AL-AHRAM, AL-MASRY AL-YOUM (Egypt)
CAIRO - Muslim Brotherhood presidential candidate Mohamed Mursi expressed confidence that he would be elected in the upcoming runoff and sought to assuage Christians' fears about Islamist rule, Egypt's Al-Ahram reported on Friday.
Egyptians, particularly those who supported the Arab spring revolution, will not accept a Mubarak-style regime again, Mursi told Reuters. His rival for the presidency, Ahmed Shafik, was former President Hosni Mubarak's last appointed prime minister and a former Air Force chief. Rallies were set for Cairo's Tahrir Square on Friday to oppose Shafik's candidacy.

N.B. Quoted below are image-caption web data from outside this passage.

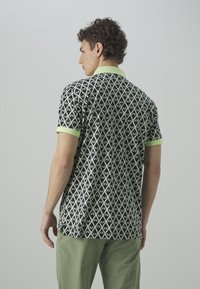 J.LINDEBERG Sports TOUR TECH REG FIT - Polo shirt - geo jl navy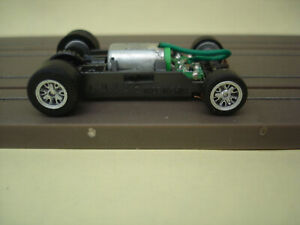 AFX RACING H.O. SCALE MEGA G+ 1.5 NARROW CHASSIS SILVER RIMS & SILVER SPINNERS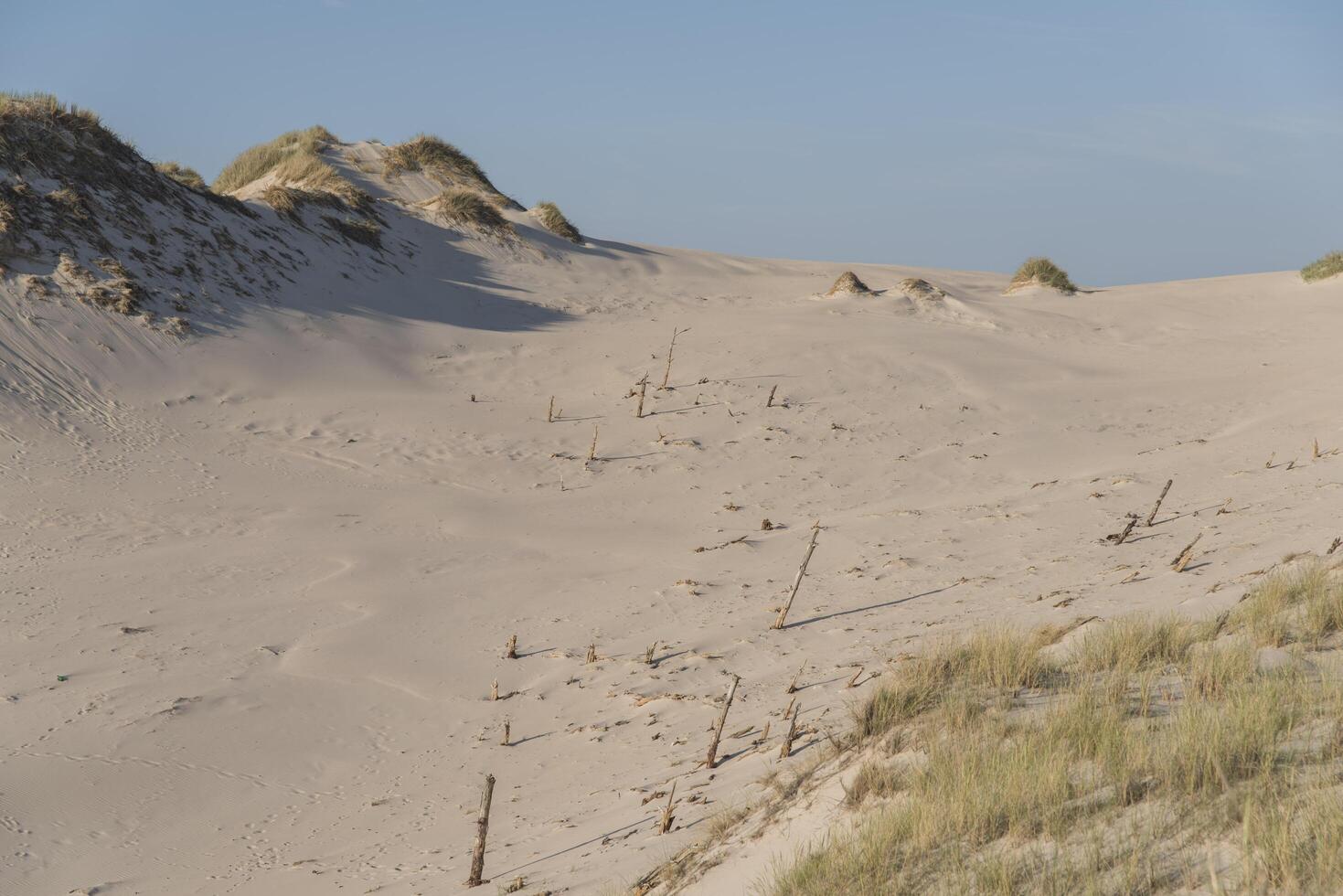 A sand dune with a fence around it photo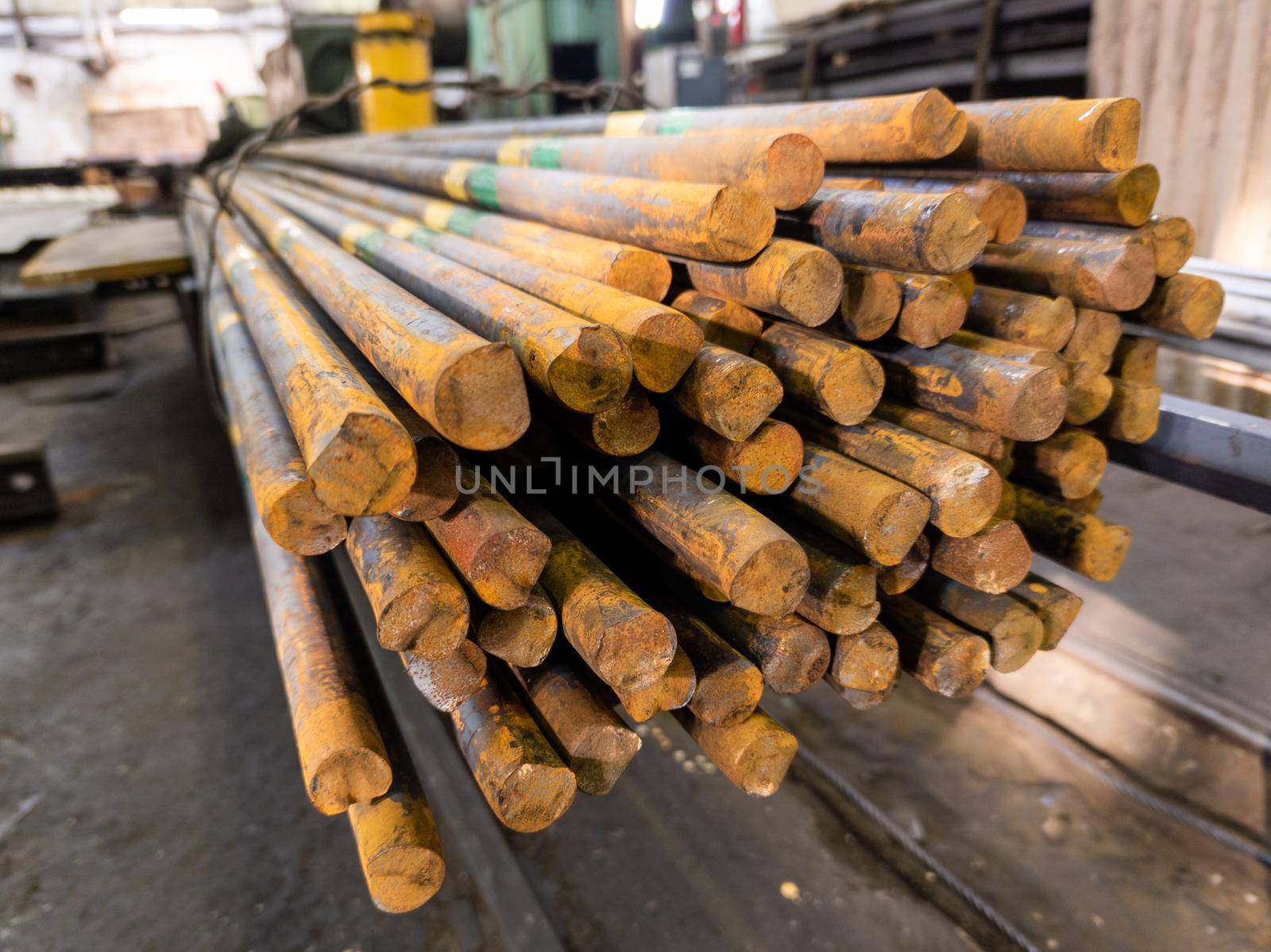 rusted long round steel bars pack - close-up with selective focus and background blur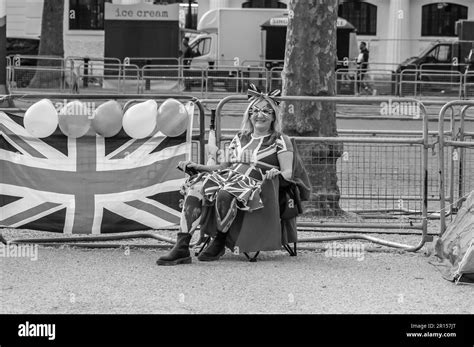 THE MALL, LONDON - 4 May 2023: Royalist outside of Buckingham Palace ahead of the Coronation of ...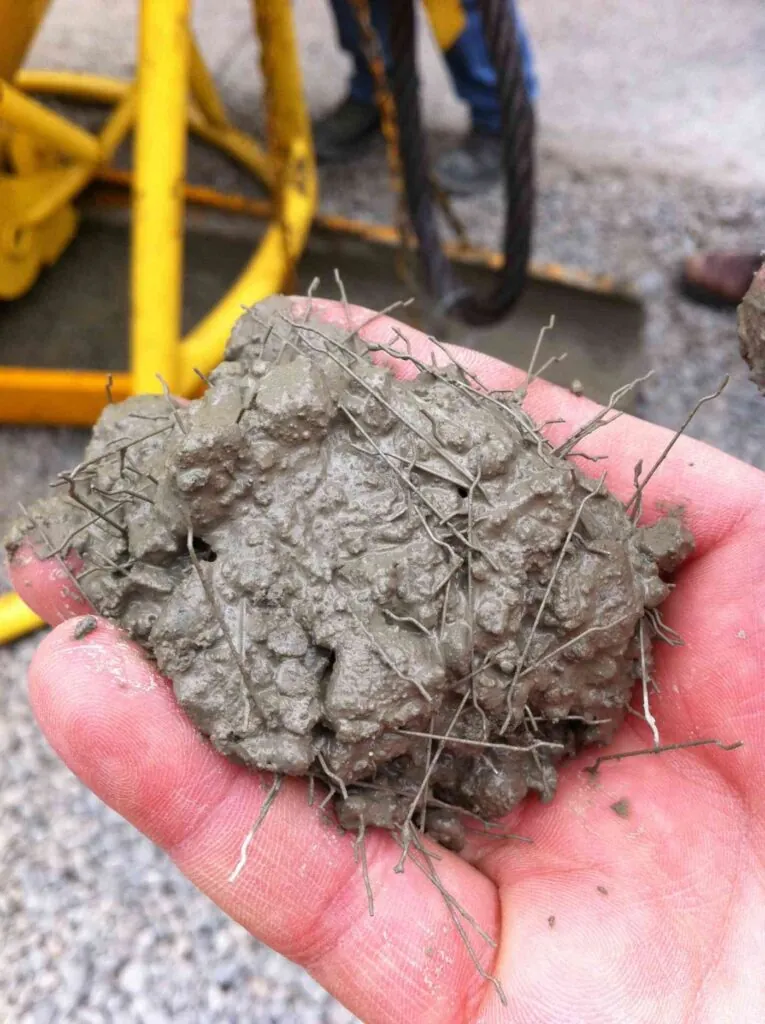 close up view of steel fiber mixed on concrete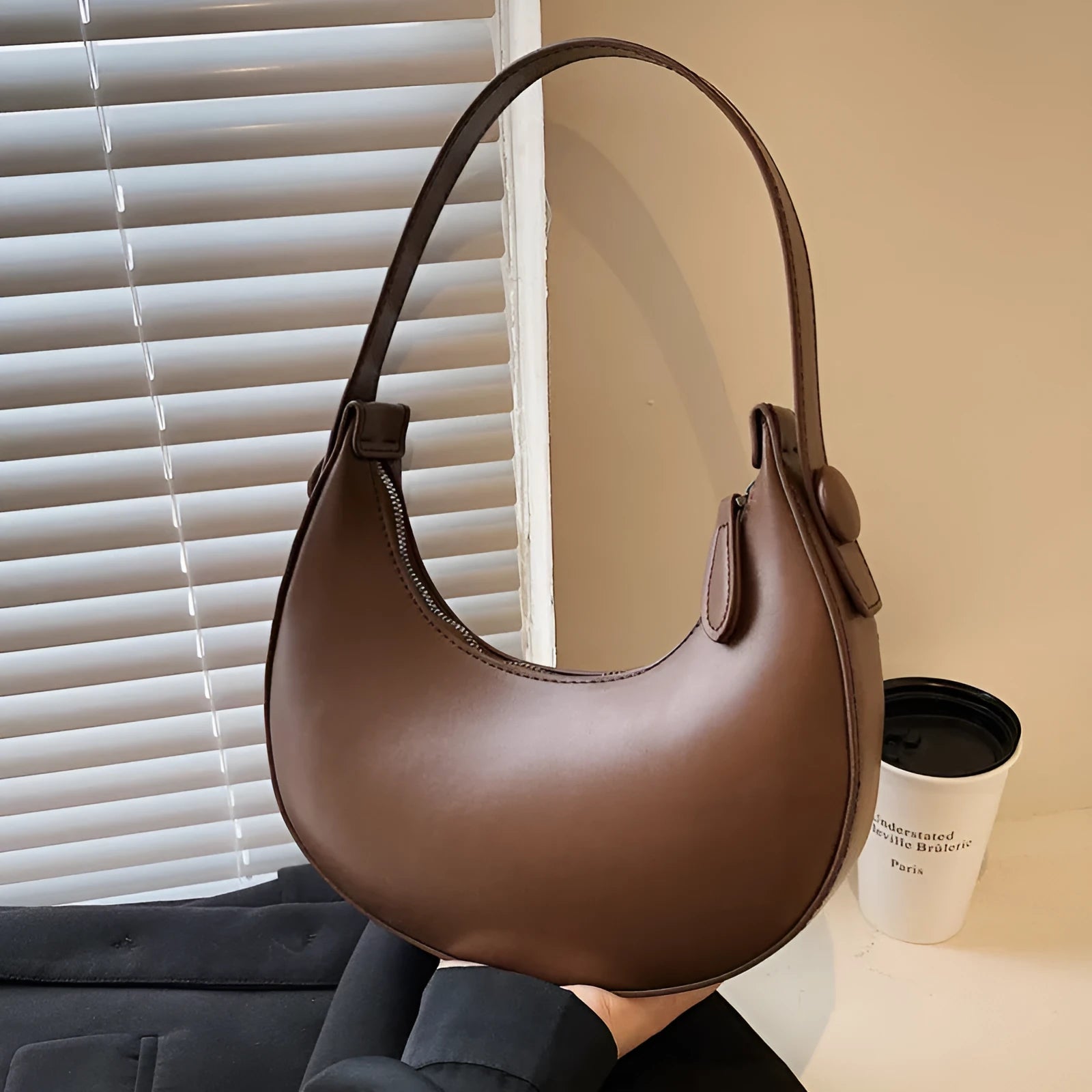 Women's retro-style PU shoulder bag in a dumpling shape, shown in cream yellow colour with a shoulder strap.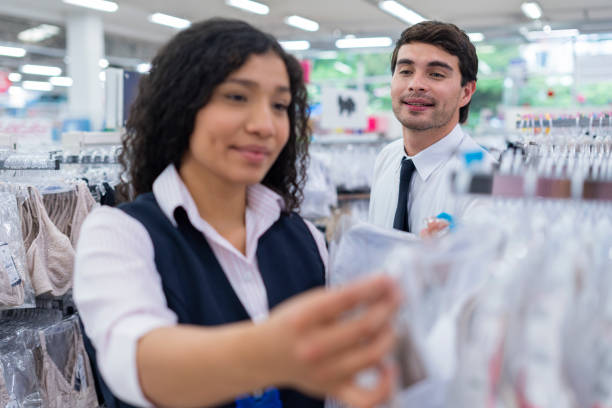 istock Warehouse manager trains his employees while showing them around the warehouse 1441689329
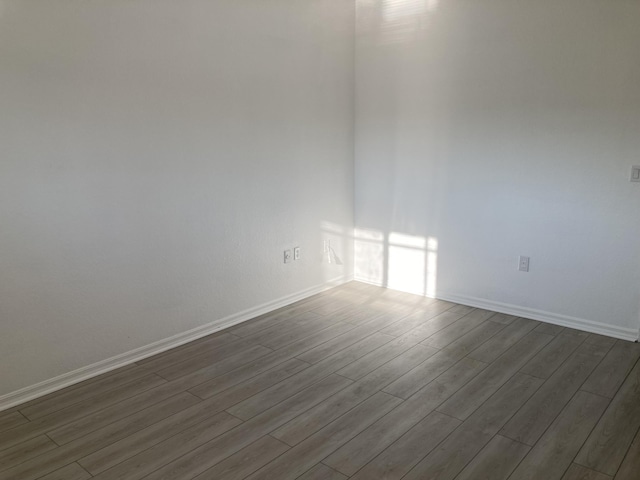 unfurnished room with dark hardwood / wood-style flooring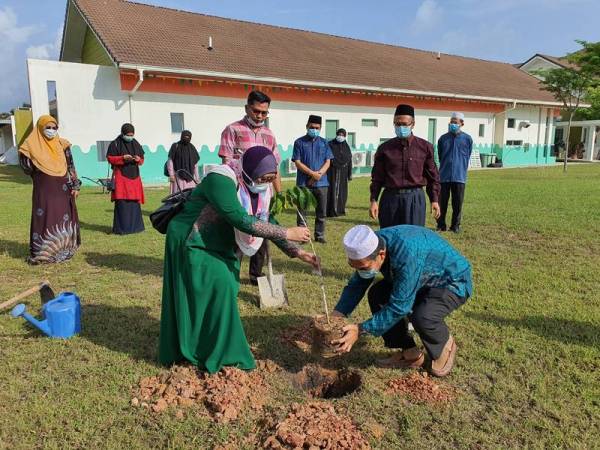 Dr Azura (kiri) dan Mohd Taufek (kanan) menanam pokok merbau di pekarangan Pejabat LPPKN Kepala Batas.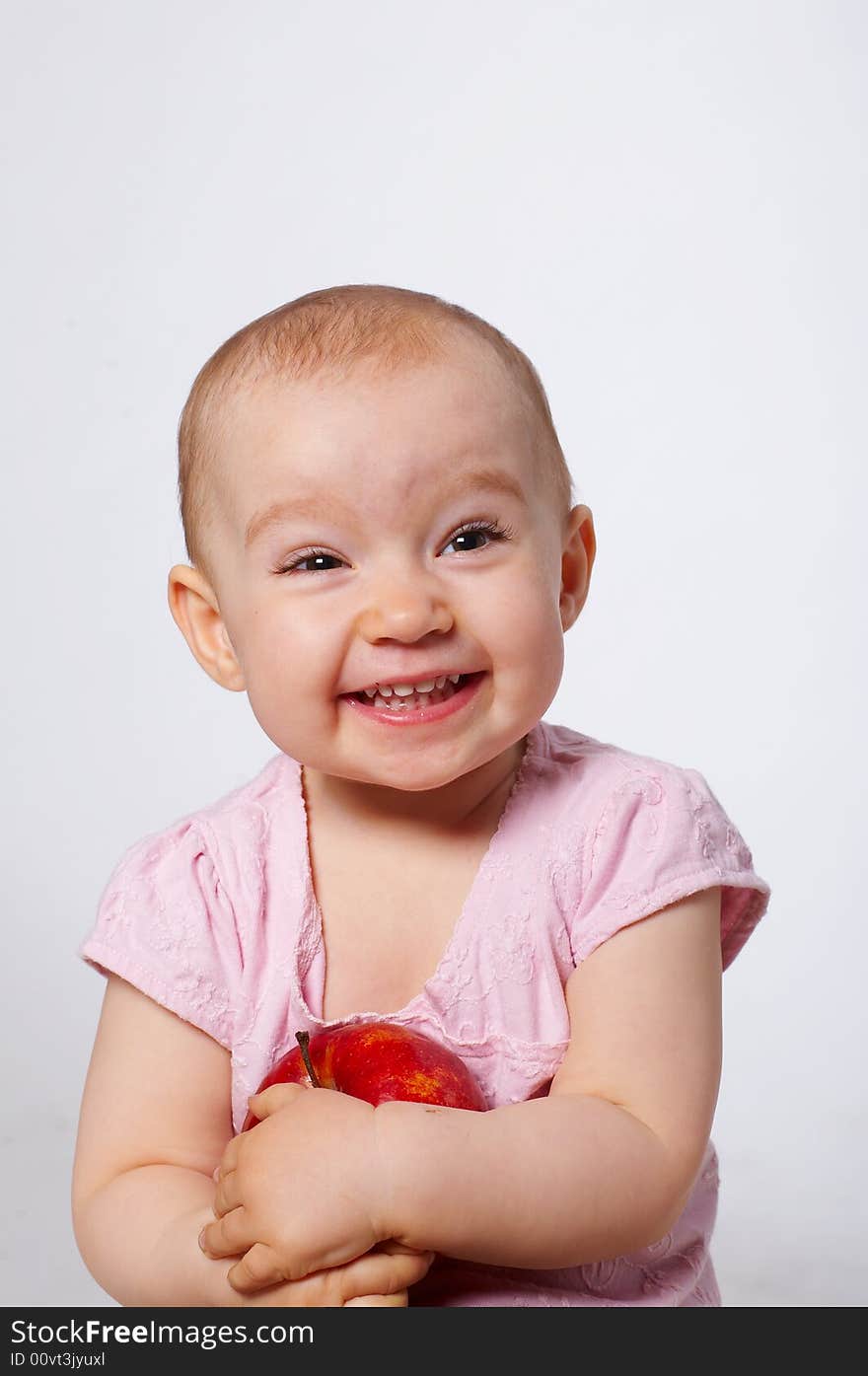 Portrait of happy baby with apple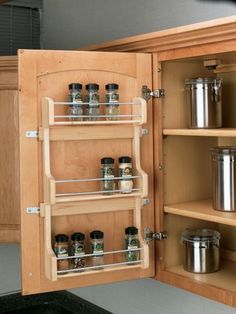 the cabinet door is open to show spices and spice racks in it's drawers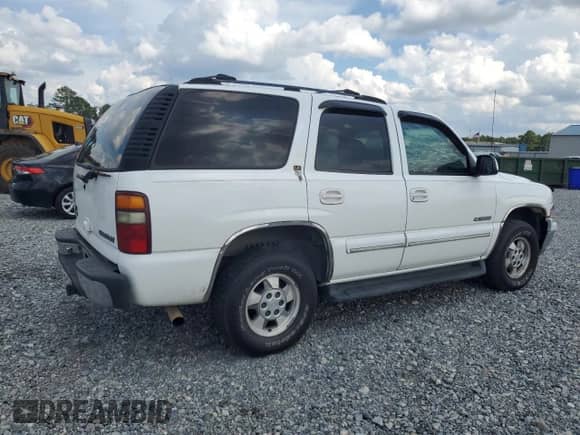 2001 Chevrolet Tahoe LS z VIN 1GNEC13T01R111306, wystawiony jako Copart lot #69078425 z przebiegiem 292 144 mil mil oraz Szkoda całkowita • Salvage title. Historia ofert i sprzedaży dostępna na DreamBid. Obrazek 3.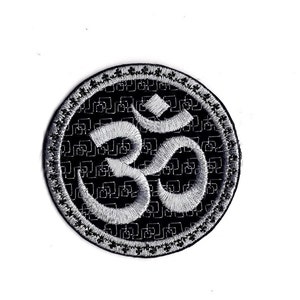 May include: A black and white embroidered patch with a silver Om symbol in the center. The background is a repeating pattern of small squares.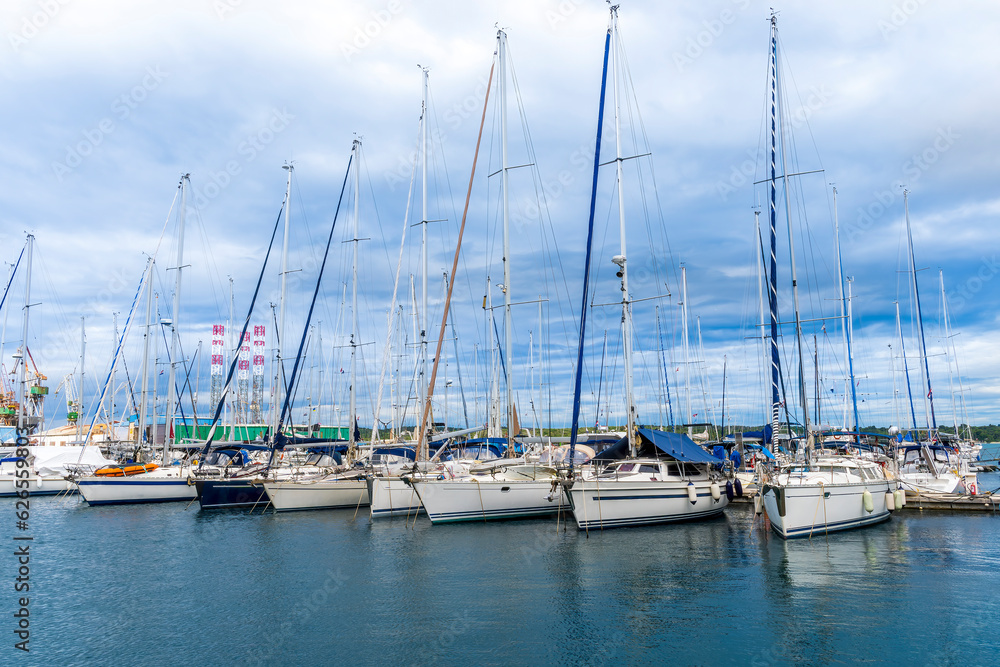 boats and yachts on pier in marine city port with masts and bulidings and blue sky on background , water cityscape of urban port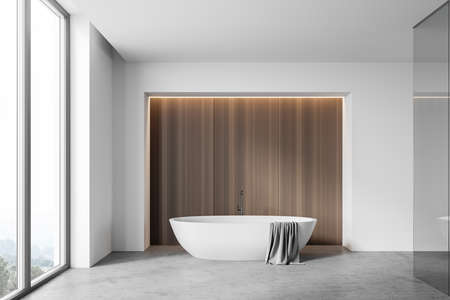 Interior of panoramic bathroom with white and wooden walls, concrete floor, comfortable bathtub with...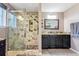 Modern bathroom featuring a shower with glass door and a dual sink vanity at 583 Treehouse St, Winter Springs, FL 32708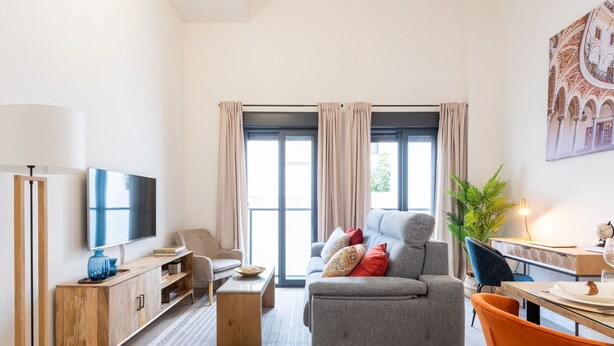 Un salon moderne comprenant un canapé, un téléviseur et un coin repas avec une table et des chaises.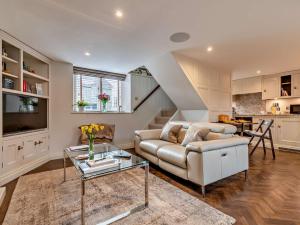 a living room with a couch and a table at 1 Bed in Alderwasley 94394 in Alderwasley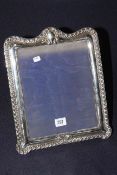 Large Edwardian silver easel photograph frame with gadroon and scroll border,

Meanwhile late Thursday night, three people were killed when armed clashes erupted at a meeting of Shafik supporters in the province of Qena. The conference had been organized by tribes but was disrupted by youth supporters of the revolution, including Salafi and Muslim Brotherhood members, "who tried to storm it" and caused "an affront to the tribes' dignity," Al-Ahram reported.
Mustafa Fouad, the head of the Youth Revolutionary Coalition, said they decided to go to the conference after learning that former elements from Mubarak's regime and ruling party, the National Democratic Party, would be there to express their strong support for Shafik. Fouad told the paper he was "surprised" by the firing on the demonstrators.
Also on Friday, a State of Emergency, that had long symbolized the oppressiveness of the Mubarak regime, was finally lifted after 31 years. Human rights activists told Al-Masry Al-Youm that despite the presence of a Mubarak ally in next month's presidential runoff, the end to the State of Emergency was a sign that democracy has begun to take root.